In the material below, the lines between the one holding "7 Acre Agricultural/Farm" and the one holding "Các nội dung", inclusive, are to be set down word for word. Pictures stay out.
[[ INFORMATION SUPPLIED, beginning ]]
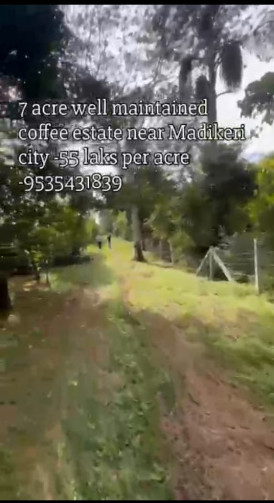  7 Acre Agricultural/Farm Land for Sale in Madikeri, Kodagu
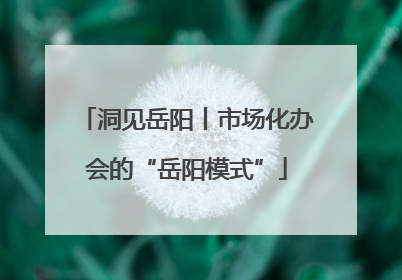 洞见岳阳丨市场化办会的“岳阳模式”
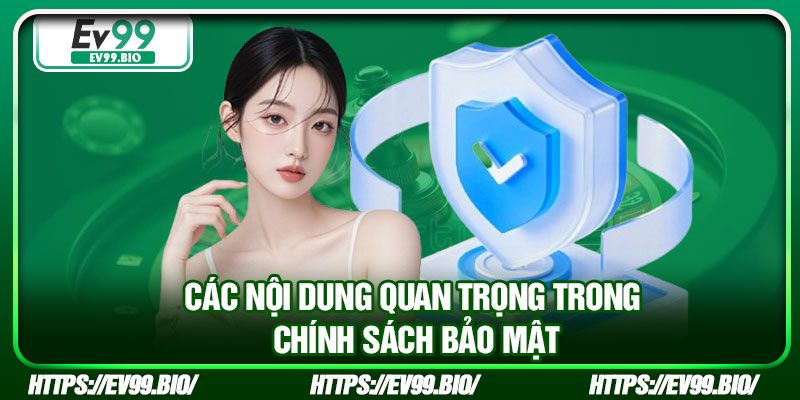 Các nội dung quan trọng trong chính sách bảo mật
[[ INFORMATION SUPPLIED, end ]]
[[ INFORMATION SUPPLIED, beginning ]]
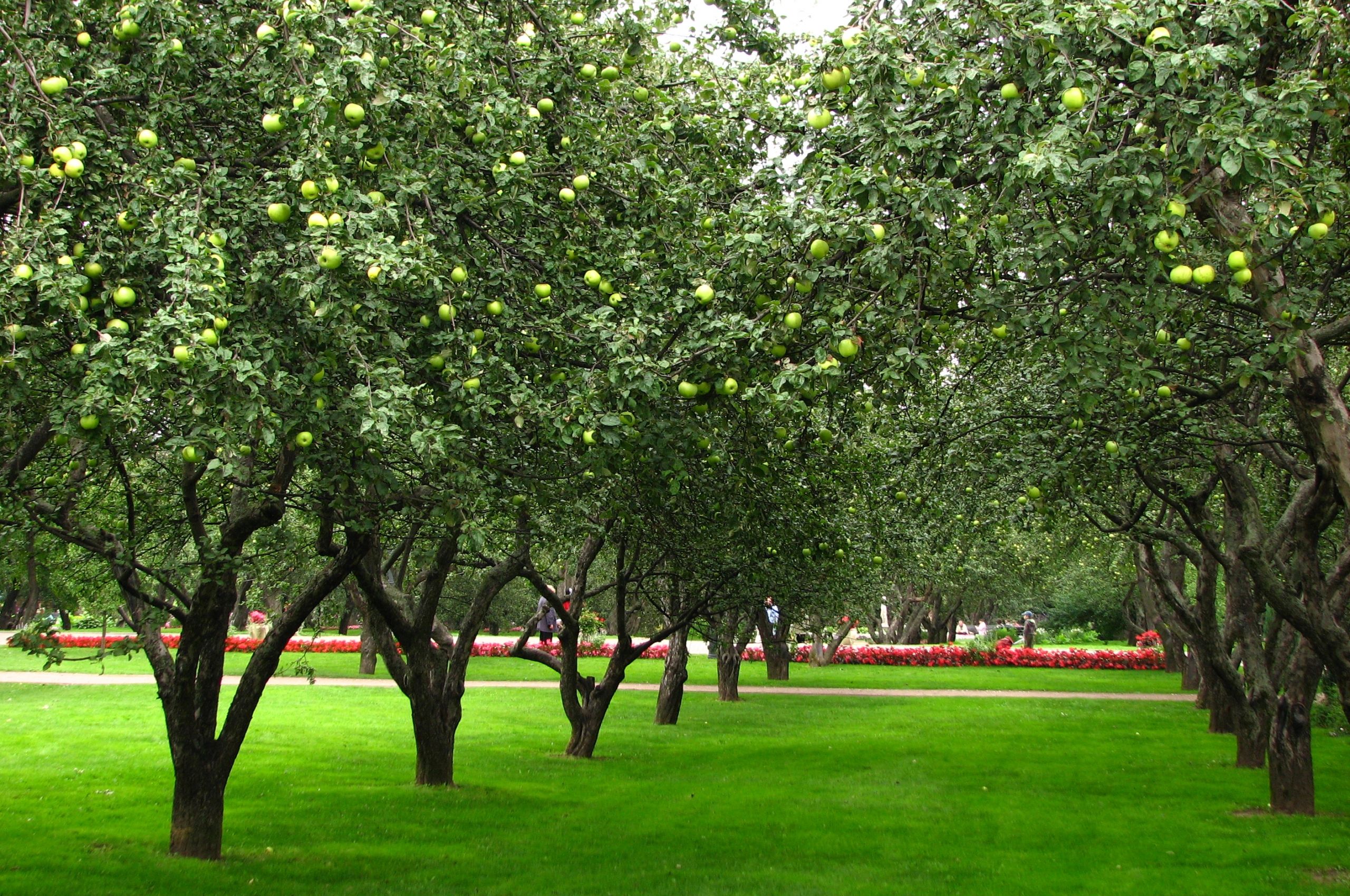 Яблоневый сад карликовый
[[ INFORMATION SUPPLIED, end ]]
WRITTEN SOLUTION:
  7 Acre Agricultural/Farm Land for Sale in Madikeri, Kodagu
 洞见岳阳丨市场化办会的“岳阳模式”
 Các nội dung quan trọng trong chính sách bảo mật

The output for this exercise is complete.